Indeed, we are told that during the COVID-19 pandemic, some global pharmaceutical corporations made profits of US$65 000 every minute.
Profits racked from COVID-19 vaccines were possible because of geopolitics of ignorance in which some ‘cures’ from some geographies of the world were dismissed as crank, delusory and ineffective.
Global capitalists do not only profit from claiming patents and marketing their products, including vaccines and other medicines in the world; they also profit through geopolitics of ignorance in which they make the other regions of the world believe that they have ignorance, or they actually make other regions of the world ignorant of alternatives to the patented products.

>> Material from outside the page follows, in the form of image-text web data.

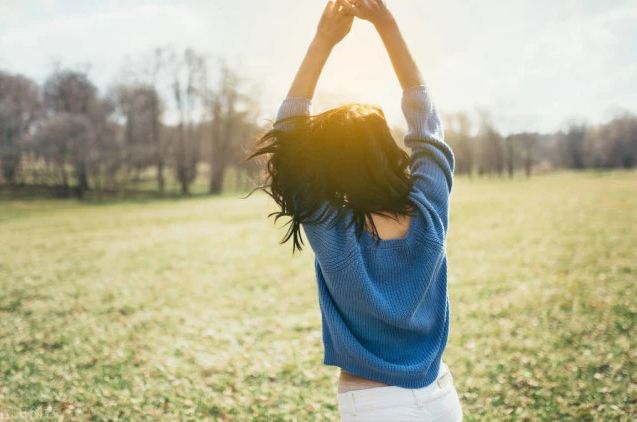 34岁女子花20万试管生娃,34岁女人花20万试管生下女儿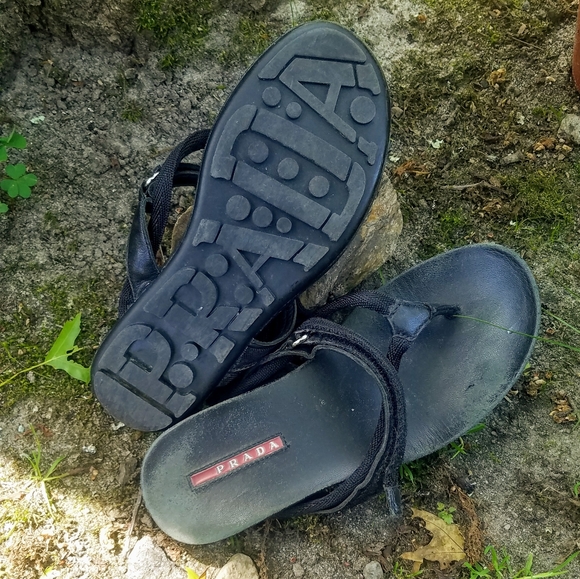 Prada Black Leather Flip Flops - Picture 1 of 5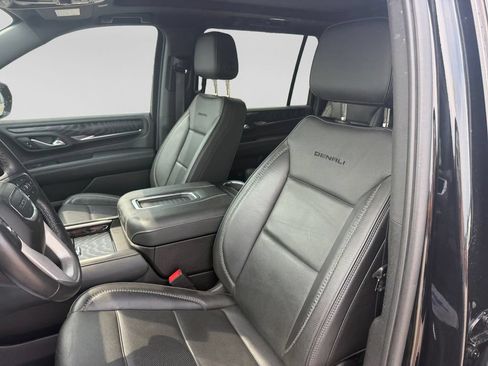 Used 2022 GMC Yukon XL Denali AWD/4WD image 21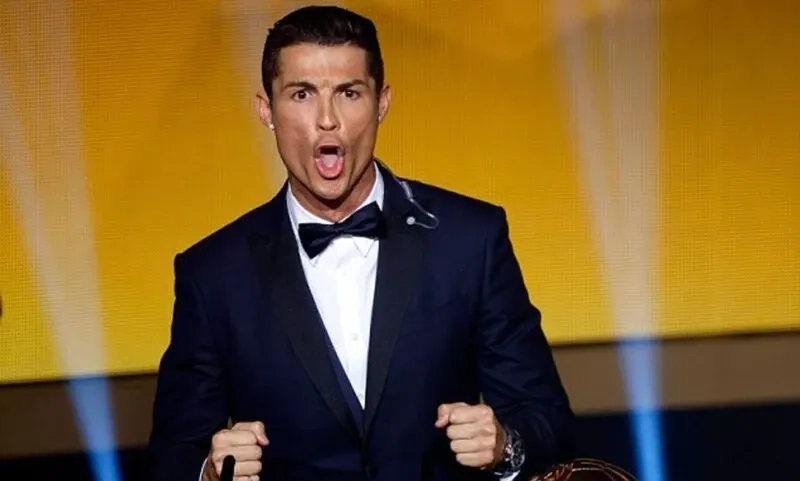 Meme ronaldo camera nhìn thẳng ống kính hài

Drawing on Michael Callon’s sociology of translation, I argue here that geopolitics of ignorance involves creating obligatory passage points by pillorying other regions of the world as ignorant in order to pivot one’s strategic position.
In other words, the geopolitics of ignorance includes the politics of naming the other as ignorant, for strategic reasons.
Thus, much as scholars often speak in terms of the global political economy of knowledge, there is also the global political economy of ignorance which explains how some regions of the world profit from distributing or casting ignorance, which is to say, from casting spells of ignorance on others.
Colonisation is not necessarily achieved by imposing knowledge on the colonised but by casting spells of ignorance on them, through the geopolitics of ignorance.
In a world wherein not only knowledge has been mobilised as an apparatus for geopolitics, it is essential to also think in terms of geopolitics of ignorance to denote ways in which ignorance has been and is often strategically created and used to geopolitical effect in the world.
Referring to ways in which geographies, time, politics and ignorance often overlay one another in spatial terms, the notion of geopolitics of ignorance enables us to map the spatial distribution of socially produced ignorance.
Put differently, the notion of geopolitics of ignorance does not assume that ignorance is always natural, but it also posits that ignorance is actively produced, mobilised and deployed in a world wherein some seek to monopolise knowledge and associated economic benefits of the knowledge economies.
The geopolitics of ignorance enables us to see ignorance not merely as an attribute of some individuals, but with it, we see that ignorance can be mapped in terms of geographical regions in the world.
In this regard, it becomes possible to question why regions of ignorance often correspond with geographies that are subjected to colonisation, capitalist dispossession and exploitation.